After a homemade bomb ripped through a window of Bloomington's Dar Al-Farooq Islamic Center last summer, the FBI quickly flew evidence to its Virginia lab in a desperate search for answers while Gov. Mark Dayton declared the blast an act of terrorism.
"This was a very well-planned hate crime," said Mohamed Omar, the Islamic center's executive director. "It could not have been a coincidence or something where someone didn't know what they were doing."
But the explosion is nowhere to be found in the 2017 hate crime reports compiled by Minnesota law enforcement agencies that will be forwarded to the FBI later this year. The absence of the Bloomington bombing and several other high profile incidents in data reviewed by the Star Tribune suggests ongoing inconsistency and confusion among agencies about what constitutes a hate or bias crime.

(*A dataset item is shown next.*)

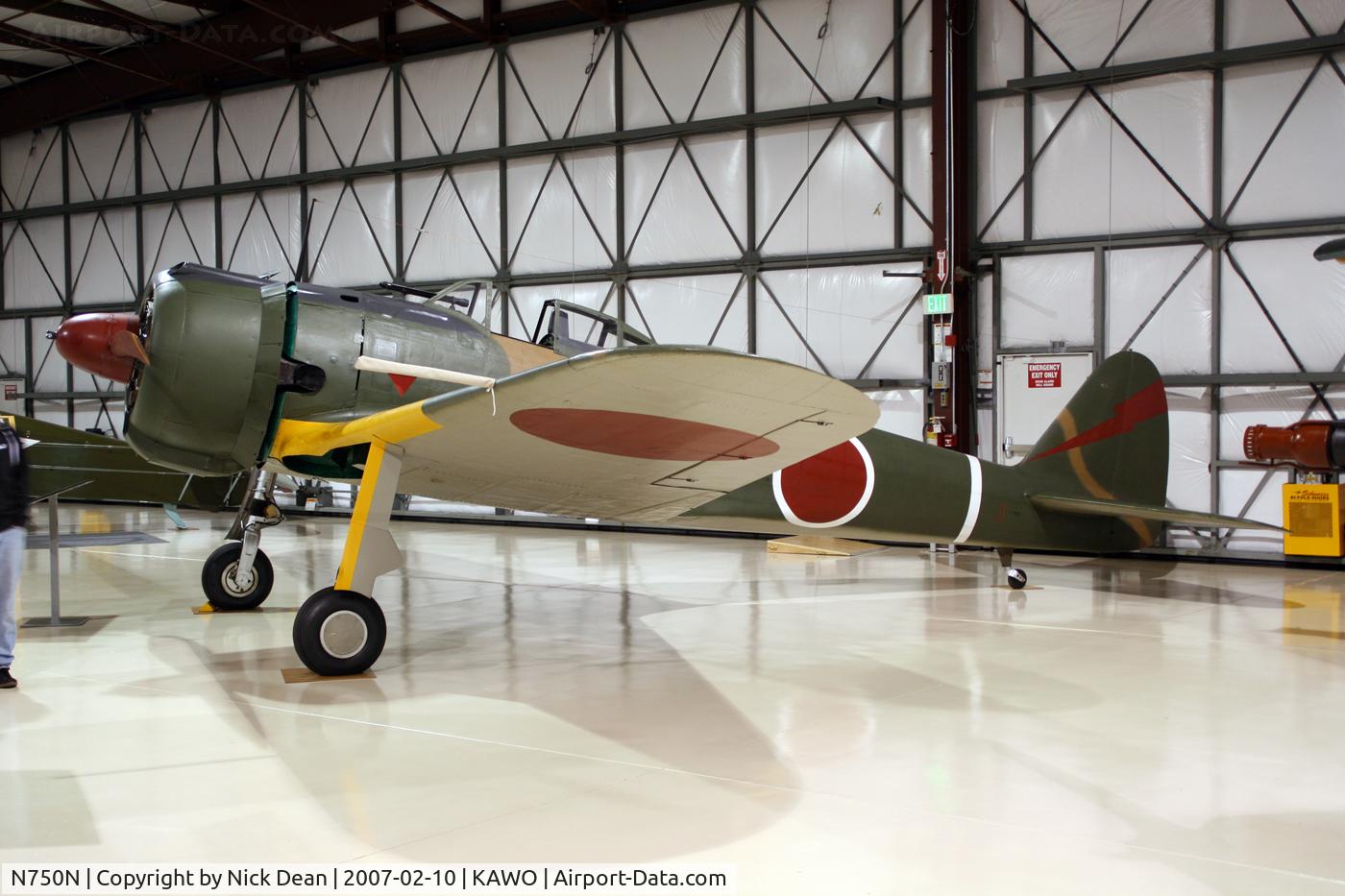 N750N, Nakajima Ki-43-Ib Hayabusa C/N 750, KAWO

Victims, advocates and federal authorities alike say these varying standards, along with a general unwillingness among many victims to call police, means residents often have an inaccurate understanding of the prevalence of hate in their communities.
"It would be helpful to have more accurate statistics on hate crimes in order for the law enforcement community to use those statistics to advocate for increased resources to prevent and prosecute hate crimes because prosecuting hate crime is a major priority for us," U.S. Attorney Greg Brooker said this week.
Nearly two-thirds of Minnesota's law enforcement agencies reported zero hate crimes in their jurisdictions in 2016, according to the FBI's most recent report released last November. And the results are nearly identical in data for 2017 being prepared by the state Bureau of Criminal Apprehension (BCA), which sends those figures to the FBI.
Mirroring a nationwide trend, police agencies for some of Minnesota's largest cities — like Rochester and Duluth — reported zero hate crimes in 2016. Others, like Bloomington's police department, say they've had just two total bias incidents in the past decade.
"I find it difficult to believe that in any community there is zero hate," said Cynthia Deitle, program director for the Matthew Shepard Foundation and a former chief of the FBI's civil rights unit. "We just don't know where the breakdown is."